O deputado Ivan Valente (Psol-SP) queixou-se da forma açodada com que o governo Temer quer votar e fazer tramitar a matéria. “Não estou entendendo tanta pressa. Queria propor debates com mais equidade aqui, porque a PEC não congela os gastos por um mês nem dois, são 20 anos”, afirmou.

Alessandro Molon (Rede-RJ), que apresentou – sem sucesso – um requerimento para adiamento da discussão sobre a matéria, disse que todos precisam conhecer melhor o parecer do relator. “Essa proposta vai ter um impacto fortíssimo no país, portanto, não será uma decisão simples. Para mim, a PEC vai trazer fortes prejuízos aos direitos sociais dos brasileiros, mas se temos que apreciar a matéria, então que façamos essa discussão com mais tempo e de forma melhor”, ponderou.

“Quem votar a favor da matéria estará dizendo ao povo que a educação pública brasileira já é suficientemente boa e que os hospitais públicos estão ótimos no país”, ironizou Molon.

Henrique Fontana (PT-RS) disse que “o Brasil não é a Suécia” e que nenhum país em situação parecida à do Brasil adotou o congelamento de gastos como medida exitosa para ajudar na sua situação econômica.

Patrus Ananias (PT-MG), com base em sua experiência como ministro de Desenvolvimento Social do governo de Luiz Inácio Lula da Silva e de ministro de Desenvolvimento Agrário do governo Dilma, avaliou que a proposta não tem nem dois meses de discussão e, mesmo assim, esse período foi marcado pela análise e cassação do ex-deputado Eduardo Cunha e pelas eleições municiais, o que tumultuou ainda mais a sua tramitação na comissão especial.

“Muitos colegas aqui já chamaram a atenção para os prejuízos na educação e saúde que a proposta vai acarretar, mas quero lembrar que também teremos perdas consideráveis na área social.
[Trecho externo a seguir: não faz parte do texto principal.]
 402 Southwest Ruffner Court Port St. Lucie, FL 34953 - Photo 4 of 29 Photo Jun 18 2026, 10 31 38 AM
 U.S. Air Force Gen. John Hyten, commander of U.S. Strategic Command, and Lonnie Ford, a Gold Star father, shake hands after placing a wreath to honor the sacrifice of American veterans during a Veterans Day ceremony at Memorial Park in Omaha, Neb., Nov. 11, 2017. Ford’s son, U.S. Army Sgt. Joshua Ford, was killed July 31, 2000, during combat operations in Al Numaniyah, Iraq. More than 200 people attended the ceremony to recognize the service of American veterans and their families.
A PEC 241 assina a sentença de morte do programa Bolsa Família e do Benefício de Prestação Continuada (BPC) – que garante o pagamento de um salário mínimo para as pessoas idosas e com deficiência, incapacitadas para o trabalho”, destacou Ananias.

O deputado André Figueiredo (PDT-CE) também bateu forte no texto: “Precisamos ter a convicção, nesta comissão, que congelar os gastos públicos vai ser o mesmo que impedir esta geração e as próximas de terem desenvolvimento”.
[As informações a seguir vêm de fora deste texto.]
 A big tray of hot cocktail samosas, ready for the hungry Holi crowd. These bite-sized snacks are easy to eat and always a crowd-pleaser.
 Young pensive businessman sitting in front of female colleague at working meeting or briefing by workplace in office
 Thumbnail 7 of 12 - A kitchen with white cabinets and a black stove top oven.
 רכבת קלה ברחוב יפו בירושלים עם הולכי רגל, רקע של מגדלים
O relator da proposta, Darcísio Perondi, argumentou em seu parecer que as despesas com saúde e educação vão seguir os pisos atuais previstos para 2017 e que, a partir de 2018, tais setores passam a seguir os gastos de teto da PEC (por meio da correção pela inflação). Para os gastos em geral, em 2017 o limite será o total de 2016 corrigido em 7,2%. E a partir de 2018, segundo ele, o texto prevê a adoção do IPCA.

Darcísio sugeriu que o valor do IPCA a ser tomado como referência seja o valor acumulado entres os meses de julho de um ano até junho do ano seguinte, para evitar a reformulação da proposta orçamentária (que é enviada sempre ao Congresso até o dia 31 de agosto de cada ano) após a divulgação do índice definitivo dos meses finais do ano.
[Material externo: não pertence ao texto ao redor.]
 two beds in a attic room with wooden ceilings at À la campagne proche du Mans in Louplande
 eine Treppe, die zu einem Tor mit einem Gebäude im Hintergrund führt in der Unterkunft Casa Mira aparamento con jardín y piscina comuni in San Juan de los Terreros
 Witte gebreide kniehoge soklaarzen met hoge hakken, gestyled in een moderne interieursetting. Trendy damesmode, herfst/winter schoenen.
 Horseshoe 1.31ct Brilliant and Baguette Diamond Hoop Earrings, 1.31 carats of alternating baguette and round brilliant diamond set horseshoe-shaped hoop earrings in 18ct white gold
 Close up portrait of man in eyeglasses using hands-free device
O deputado ainda afirma no seu texto que a autorização para que o presidente da República proponha mudança no critério de correção dos gastos a partir do 10º ano de vigência da emenda precisa ser feita por meio de projeto de lei complementar e não ordinária. E que cada presidente só deve propor esta mudança uma única vez, em cada mandato.

Por fim, ele propôs que até o final desse regime fiscal a entrar em vigor, a Desvinculação de Receitas da União (DRU), que permite ao governo gastar livremente 30% das receitas, seja ampliada. E estabelece no relatório que, nos próximos três anos, o Executivo possa ceder 0,25% do seu limite para compensar excessos de despesas de outros poderes, em função de despesas obrigatórias já assumidas até 2019.

Assessores do relator da PEC explicaram há pouco que os limites de despesas por órgão orçamentário permitem que, dentro de um mesmo poder, algum segmento possa ter correção um índice maior que a inflação, desde que outro tenha uma variação menor, como compensação.

Nesta quarta-feira (5), grupos diversos da sociedade civil, centrais sindicais e representantes de movimentos sociais farão um ato público no Congresso para protestar contra a PEC e outras propostas que representem retrocessos para o país.